## TASK GOAL
Omit the pictures and return exactly the stretch of the material below from the line with "E.Leclerc Wkładki laktacyjne" through the line with "Short-Sleeve Red Patriotic".

## SOURCE MATERIAL

----

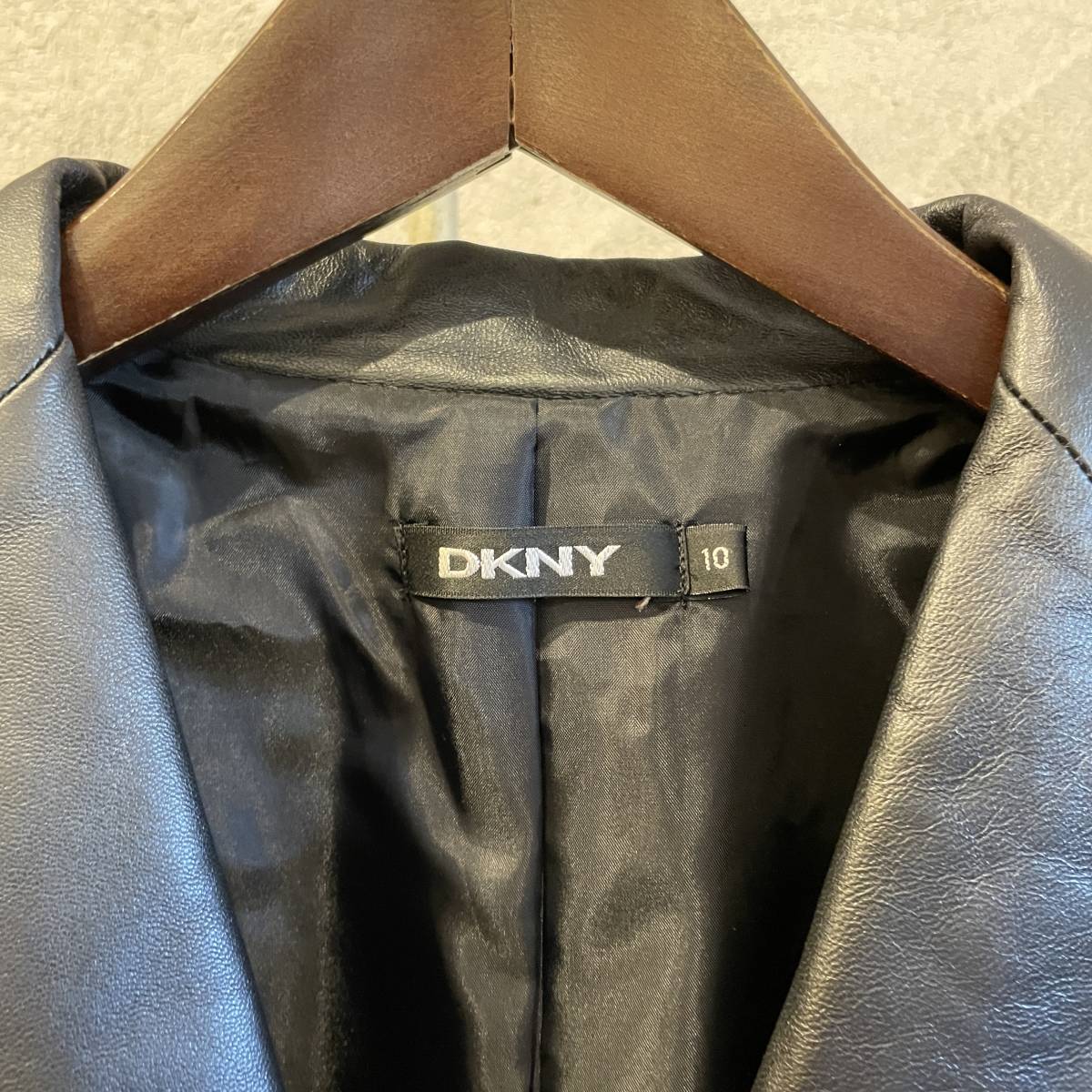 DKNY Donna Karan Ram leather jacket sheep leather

----

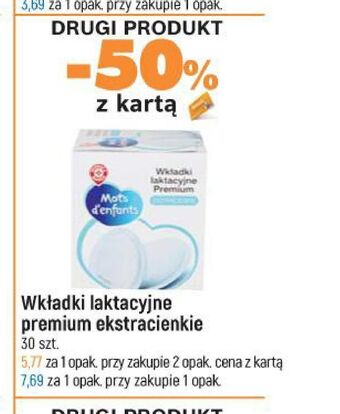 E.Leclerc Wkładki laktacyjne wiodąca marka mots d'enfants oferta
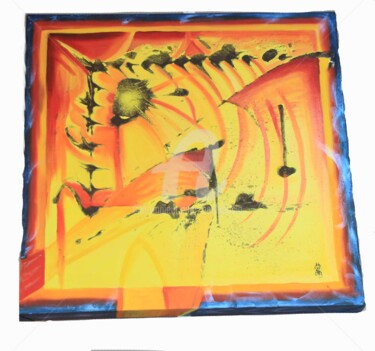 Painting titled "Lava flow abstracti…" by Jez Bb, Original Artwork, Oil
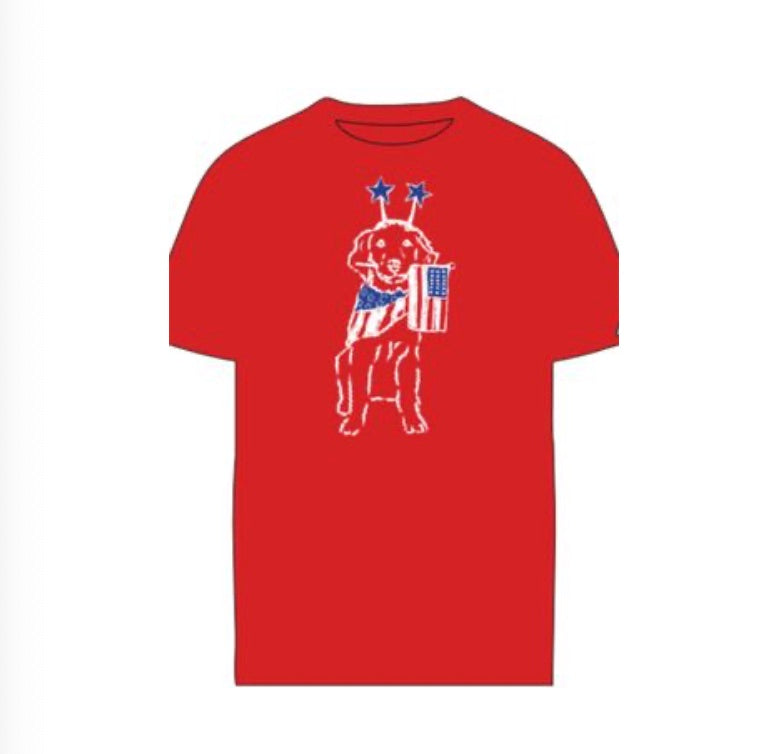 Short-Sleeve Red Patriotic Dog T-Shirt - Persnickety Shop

----

## ANSWER TO THIS EXERCISE
 E.Leclerc Wkładki laktacyjne wiodąca marka mots d'enfants oferta
 Painting titled "Lava flow abstracti…" by Jez Bb, Original Artwork, Oil
 Short-Sleeve Red Patriotic Dog T-Shirt - Persnickety Shop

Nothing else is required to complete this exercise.